Divide using synthetic division $$ ( 2x^{3}-2x^{2}+4x-5 ) \div ( 2x+3 ) $$
Answer
The synthetic division table is:
$$ \begin{array}{c|rrrr}-3&2&-2&4&-5\\& & -6& 24& \color{black}{-84} \\ \hline &\color{blue}{2}&\color{blue}{-8}&\color{blue}{28}&\color{orangered}{-89} \end{array} $$The solution is:
$$ \frac{ 2x^{3}-2x^{2}+4x-5 }{ x+3 } = \color{blue}{2x^{2}-8x+28} \color{red}{~-~} \frac{ \color{red}{ 89 } }{ x+3 } $$Explanation
Step 1 : Write down the coefficients of the dividend into division table. Put the zero from $ x + 3 = 0 $ ( $ x = \color{blue}{ -3 } $ ) at the left.

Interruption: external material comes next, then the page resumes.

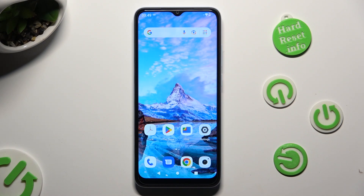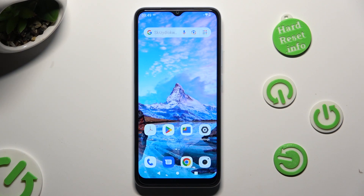Hi, in front of me is Xiaomi Redmi A2 and today I would like to show you how you can turn on and use voice typing.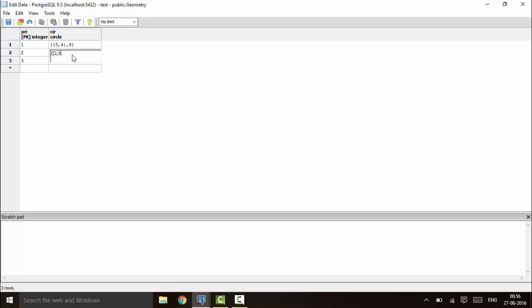You can see the x1, y1 center point and the radius of the circle. This is how a circle is represented in PostgreSQL. These geometric data types can be very useful when dealing with mathematical data. Thank you for watching this tutorial — subscribe for more and stay tuned.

$$ \begin{array}{c|rrrr}\color{blue}{-3}&2&-2&4&-5\\& & & & \\ \hline &&&& \end{array} $$Step 1 : Bring down the leading coefficient to the bottom row.
$$ \begin{array}{c|rrrr}-3&\color{orangered}{ 2 }&-2&4&-5\\& & & & \\ \hline &\color{orangered}{2}&&& \end{array} $$Step 2 : Multiply by the number on the left, and carry the result into the next column: $ \color{blue}{ -3 } \cdot \color{blue}{ 2 } = \color{blue}{ -6 } $.
$$ \begin{array}{c|rrrr}\color{blue}{-3}&2&-2&4&-5\\& & \color{blue}{-6} & & \\ \hline &\color{blue}{2}&&& \end{array} $$Step 3 : Add down last column: $ \color{orangered}{ -2 } + \color{orangered}{ \left( -6 \right) } = \color{orangered}{ -8 } $
$$ \begin{array}{c|rrrr}-3&2&\color{orangered}{ -2 }&4&-5\\& & \color{orangered}{-6} & & \\ \hline &2&\color{orangered}{-8}&& \end{array} $$Step 4 : Multiply by the number on the left, and carry the result into the next column: $ \color{blue}{ -3 } \cdot \color{blue}{ \left( -8 \right) } = \color{blue}{ 24 } $.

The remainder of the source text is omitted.